It was a chaotic start to the race with damp conditions making it tricky for the drivers. Lotterer, who started the race from pole position, managed to make a clean getaway with Evans and Jose Maria Lopez behind him. But, further down the pack, Max Gunther clipped the wall after sliding sideways through Turn 8, his car suffering bodywork damage in the process. Just moments later, Lopez made contact with Sam Bird, seemingly bringing the latter’s race to an end. But miraculously, Bird found the chance to continue on since the race was soon red- flagged after a massive pile up blocked the track.

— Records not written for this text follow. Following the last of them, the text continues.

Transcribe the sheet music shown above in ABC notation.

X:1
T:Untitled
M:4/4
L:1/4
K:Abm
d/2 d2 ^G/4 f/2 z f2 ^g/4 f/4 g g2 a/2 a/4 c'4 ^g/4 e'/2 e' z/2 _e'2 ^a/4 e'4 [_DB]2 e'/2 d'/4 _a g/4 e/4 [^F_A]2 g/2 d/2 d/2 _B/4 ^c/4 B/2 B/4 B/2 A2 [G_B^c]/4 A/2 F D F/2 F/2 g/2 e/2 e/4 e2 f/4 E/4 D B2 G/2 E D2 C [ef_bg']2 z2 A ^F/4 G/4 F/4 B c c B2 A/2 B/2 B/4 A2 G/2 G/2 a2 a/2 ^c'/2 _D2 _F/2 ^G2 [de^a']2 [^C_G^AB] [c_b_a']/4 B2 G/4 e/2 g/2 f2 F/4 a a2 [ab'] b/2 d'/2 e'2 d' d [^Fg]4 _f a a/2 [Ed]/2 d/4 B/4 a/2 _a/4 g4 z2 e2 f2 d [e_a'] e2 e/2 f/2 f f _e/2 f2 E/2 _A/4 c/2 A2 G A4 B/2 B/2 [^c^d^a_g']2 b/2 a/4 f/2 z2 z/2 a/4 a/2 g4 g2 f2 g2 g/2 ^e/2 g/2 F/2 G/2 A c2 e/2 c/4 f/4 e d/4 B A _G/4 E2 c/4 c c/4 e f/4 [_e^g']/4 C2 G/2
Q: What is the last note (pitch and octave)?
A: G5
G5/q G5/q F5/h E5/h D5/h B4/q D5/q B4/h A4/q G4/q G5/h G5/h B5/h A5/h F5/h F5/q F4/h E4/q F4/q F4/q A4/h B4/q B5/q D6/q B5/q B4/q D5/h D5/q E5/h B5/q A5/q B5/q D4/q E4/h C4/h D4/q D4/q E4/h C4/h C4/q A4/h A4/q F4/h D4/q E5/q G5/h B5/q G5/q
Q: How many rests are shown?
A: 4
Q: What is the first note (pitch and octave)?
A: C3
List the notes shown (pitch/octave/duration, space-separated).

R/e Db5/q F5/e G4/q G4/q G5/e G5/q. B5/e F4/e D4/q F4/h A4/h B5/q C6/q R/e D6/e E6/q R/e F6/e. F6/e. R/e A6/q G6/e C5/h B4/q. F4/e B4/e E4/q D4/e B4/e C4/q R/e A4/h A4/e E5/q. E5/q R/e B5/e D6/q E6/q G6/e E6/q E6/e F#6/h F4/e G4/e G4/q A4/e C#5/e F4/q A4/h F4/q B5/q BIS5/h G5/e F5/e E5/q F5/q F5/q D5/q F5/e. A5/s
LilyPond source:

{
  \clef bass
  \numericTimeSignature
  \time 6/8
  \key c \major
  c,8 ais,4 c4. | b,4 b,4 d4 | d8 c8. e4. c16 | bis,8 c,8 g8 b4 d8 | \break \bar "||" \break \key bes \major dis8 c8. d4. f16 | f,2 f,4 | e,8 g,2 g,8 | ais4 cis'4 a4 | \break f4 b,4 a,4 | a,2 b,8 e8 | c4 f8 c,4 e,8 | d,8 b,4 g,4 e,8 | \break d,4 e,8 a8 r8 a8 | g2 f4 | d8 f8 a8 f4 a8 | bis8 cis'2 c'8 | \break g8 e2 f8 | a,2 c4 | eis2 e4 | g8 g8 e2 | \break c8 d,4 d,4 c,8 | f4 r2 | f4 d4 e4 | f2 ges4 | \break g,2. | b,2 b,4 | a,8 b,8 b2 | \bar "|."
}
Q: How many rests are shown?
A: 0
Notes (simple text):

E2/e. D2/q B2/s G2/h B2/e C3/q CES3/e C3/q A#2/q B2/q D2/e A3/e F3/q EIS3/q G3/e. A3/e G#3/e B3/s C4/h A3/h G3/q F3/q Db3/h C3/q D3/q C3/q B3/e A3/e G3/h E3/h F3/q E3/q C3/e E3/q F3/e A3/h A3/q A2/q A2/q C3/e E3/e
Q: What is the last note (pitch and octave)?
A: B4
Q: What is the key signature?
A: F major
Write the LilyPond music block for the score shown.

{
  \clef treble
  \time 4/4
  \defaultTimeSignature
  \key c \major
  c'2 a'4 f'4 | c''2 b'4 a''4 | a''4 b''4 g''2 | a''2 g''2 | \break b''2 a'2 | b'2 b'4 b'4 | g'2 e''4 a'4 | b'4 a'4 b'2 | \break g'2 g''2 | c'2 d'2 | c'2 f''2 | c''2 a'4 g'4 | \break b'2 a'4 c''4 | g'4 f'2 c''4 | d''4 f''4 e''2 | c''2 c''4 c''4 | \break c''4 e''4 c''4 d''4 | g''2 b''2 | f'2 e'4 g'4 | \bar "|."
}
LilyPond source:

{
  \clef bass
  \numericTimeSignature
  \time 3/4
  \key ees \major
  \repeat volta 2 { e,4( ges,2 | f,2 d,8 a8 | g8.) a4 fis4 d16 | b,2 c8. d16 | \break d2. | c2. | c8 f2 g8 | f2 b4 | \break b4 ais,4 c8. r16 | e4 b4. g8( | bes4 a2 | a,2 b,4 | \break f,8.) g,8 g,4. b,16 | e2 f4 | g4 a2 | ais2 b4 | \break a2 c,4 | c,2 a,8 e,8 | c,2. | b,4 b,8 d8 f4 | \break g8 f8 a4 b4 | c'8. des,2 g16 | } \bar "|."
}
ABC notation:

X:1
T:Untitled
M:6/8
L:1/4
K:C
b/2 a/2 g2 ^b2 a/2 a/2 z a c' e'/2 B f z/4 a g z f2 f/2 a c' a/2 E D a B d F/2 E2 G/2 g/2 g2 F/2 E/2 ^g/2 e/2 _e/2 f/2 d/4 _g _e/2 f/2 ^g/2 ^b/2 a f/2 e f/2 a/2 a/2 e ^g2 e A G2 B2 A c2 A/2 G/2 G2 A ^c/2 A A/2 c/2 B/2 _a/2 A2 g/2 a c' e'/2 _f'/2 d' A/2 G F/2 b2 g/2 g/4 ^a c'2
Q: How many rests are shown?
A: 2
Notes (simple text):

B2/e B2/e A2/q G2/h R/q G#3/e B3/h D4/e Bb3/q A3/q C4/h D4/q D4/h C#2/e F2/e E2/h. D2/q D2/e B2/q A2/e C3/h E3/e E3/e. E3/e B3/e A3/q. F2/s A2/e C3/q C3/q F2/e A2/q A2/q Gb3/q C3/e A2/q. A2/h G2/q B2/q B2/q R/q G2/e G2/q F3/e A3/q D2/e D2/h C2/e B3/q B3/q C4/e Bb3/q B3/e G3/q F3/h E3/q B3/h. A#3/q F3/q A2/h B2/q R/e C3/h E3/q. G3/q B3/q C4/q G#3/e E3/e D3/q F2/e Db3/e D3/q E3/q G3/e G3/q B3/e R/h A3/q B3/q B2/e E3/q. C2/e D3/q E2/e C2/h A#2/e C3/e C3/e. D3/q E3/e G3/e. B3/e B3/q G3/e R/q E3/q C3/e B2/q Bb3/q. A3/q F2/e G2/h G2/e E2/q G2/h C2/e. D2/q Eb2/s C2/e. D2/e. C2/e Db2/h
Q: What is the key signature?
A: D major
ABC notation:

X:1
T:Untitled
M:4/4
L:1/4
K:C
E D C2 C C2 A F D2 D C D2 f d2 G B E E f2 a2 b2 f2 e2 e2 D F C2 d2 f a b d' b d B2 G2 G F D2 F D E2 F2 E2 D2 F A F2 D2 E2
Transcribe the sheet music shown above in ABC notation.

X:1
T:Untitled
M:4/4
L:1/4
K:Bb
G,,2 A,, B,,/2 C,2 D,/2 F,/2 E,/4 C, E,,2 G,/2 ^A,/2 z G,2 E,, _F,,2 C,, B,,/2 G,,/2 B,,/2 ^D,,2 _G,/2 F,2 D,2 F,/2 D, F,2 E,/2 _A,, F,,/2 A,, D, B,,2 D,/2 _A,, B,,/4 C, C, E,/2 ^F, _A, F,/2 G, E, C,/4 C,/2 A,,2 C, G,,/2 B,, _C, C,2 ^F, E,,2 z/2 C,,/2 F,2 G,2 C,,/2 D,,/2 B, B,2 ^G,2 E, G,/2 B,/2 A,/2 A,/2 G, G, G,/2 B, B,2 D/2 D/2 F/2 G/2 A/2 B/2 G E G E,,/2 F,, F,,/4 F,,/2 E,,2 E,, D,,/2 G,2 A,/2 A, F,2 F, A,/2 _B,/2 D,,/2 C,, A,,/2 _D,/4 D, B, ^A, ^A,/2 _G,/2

Lopez crashed into the wall at the Turn 17/18 chicane, catching out Gary Paffett, Jean-Eric Vergne and some other drivers behind. The lengthy red flag period gave teams the chance to work on their cars, however the incident did bring an end to Paffett’s race.
Once the race restarted, Evans spent several laps right on Lotterer’s tail. He finally managed to overtake Lotterer with 16 minutes left on the clock, using the Attack Mode to overtake him at Turn 11. Lotterer attempted to move back into the lead by engaging his second Attack Mode, and for a moment, it looked like the race could play into his hands as Evans failed to activate his for a second time. However, the Jaguar Racing driver managed to keep Lotterer at bay, but with his car running out of energy, he had to back off in the final few laps – bringing back memories of his disappointing Rome E-Prix last year, where poor energy management strategy forced him down to the back of the pack from the lead. However, it was a different story this time around, and he ultimately held on to win the race, crossing the finish line with just two percent of usable energy left.
Vandoorne finished the race in 3rd place for HWA, claiming both his and the team’s first Formula E podium after what has been a challenging start to the season. Robin Frijns took 4th place after using Attack Mode to pull off a late move on Sebastien Buemi. Buemi’s Nissan teammate Oliver Rowland finished just behind him in 6th place, followed by Lucas di Grassi.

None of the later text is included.